1. Under the facts of this case the judge of the superior court did not err in authorizing the guardian of a minor to enter into a contract for a 66-year lease of the ward's farm, together with a provision for an option by the lessee to purchase the farm for the price of $20 per acre.
Confronted with the mounting losses from the management of the estate of her six-year-old daughter and ward, Alice Virginia Youmans, which consisted of approximately sixteen hundred fifty (1,650) acres of land in Burke County, Georgia, Virginia V. Youmans on October 20, 1953, petitioned the Superior Court of Richmond County, Georgia, for permission to grant a lease of 66 years and an option to purchase the land to Union Bag and Paper Corporation, corporate predecessor of Union Camp Corporation. She set forth in detail in her petition, brought under the provisions of Sections 49-203, 49-204 of the Code of 1933 as amended by an Act of the General Assembly of Georgia, approved on February 10, 1953 (Ga. L. 1953, pp. 44-46) the reasons for the proposed lease and option to purchase and its purpose to invest and reinvest the proceeds for the benefit of her ward.

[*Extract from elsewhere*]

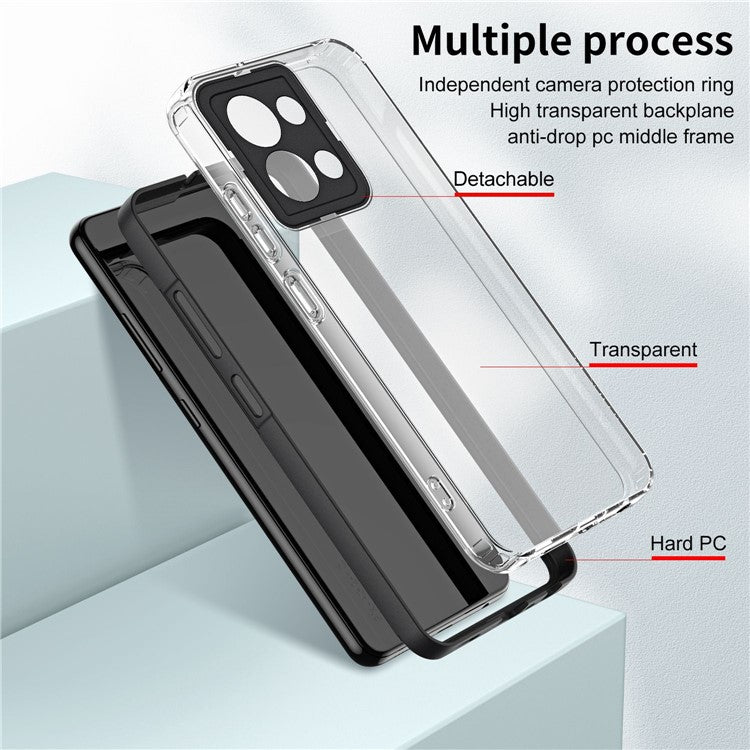 3-in-1 Transparent Phone Cover For Oppo Reno8 5G (Global Version) TPU Backplate + PC Frame + PC Camera Protection Scratch-resistant Phone Case - Black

The Honorable F. Frederick Kennedy, Judge of the Superior Court, Augusta Circuit, considered the petition. He directed publication once each week for four weeks of the required notice of intention to present the petition for final hearing and service of the proceedings upon the next of kin of Alice V. Youmans, Alice H. Videtto, and upon the guardian ad litem, whom he designated to be Charles A. Youmans, the father of Alice Virginia Youmans, provided he accepted the appointment. He set the final hearing on the petition for the 19th day of November before the Honorable G. C. Anderson, Judge of the First Division in Augusta, Georgia.
The directions of the court were carried out. Mr. Charles A. You mans accepted the designation and acknowledged service as guardian ad litem on November 6, 1953. Mrs. Alice M. Videtto, as the grandmother and nearest of kin of Alice Virginia Youmans, acknowledged service on November 6, 1953. The notice of intention to present the petition was duly published for four weeks in the official organs of Richmond and of Burke County, Georgia, wherein the land was situated.
The notice published by the guardian, Mrs. Virginia A. Youmans, advised that she ". . . has filed in the office of the Clerk of the Superior Court of Richmond County, Georgia, an application which will be presented to the Honorable Grover C. Anderson, Judge of the Superior Court of the Augusta Judicial Circuit at 11:00 a.m. on the 19th day of November, 1953, at Augusta, Georgia, . . ." It also advised that the proceeding was for "the sale of an estate for years and a future interest" in the lands of her ward which were described and that a copy of the proposed lease and option was attached to and filed with the application. It added, ". . . reference thereto may be had by all parties at interest prior to the presentation of said application . . ." (Emphasis supplied.)
The pronouncement of the judgment of the court on November 19, 1953, was followed by the completion of the survey of the property and preparation of a plat. The lease and option to purchase, reciting the permission of the court and incorporating the results of the survey, was entered into by the parties on January 2, 1954.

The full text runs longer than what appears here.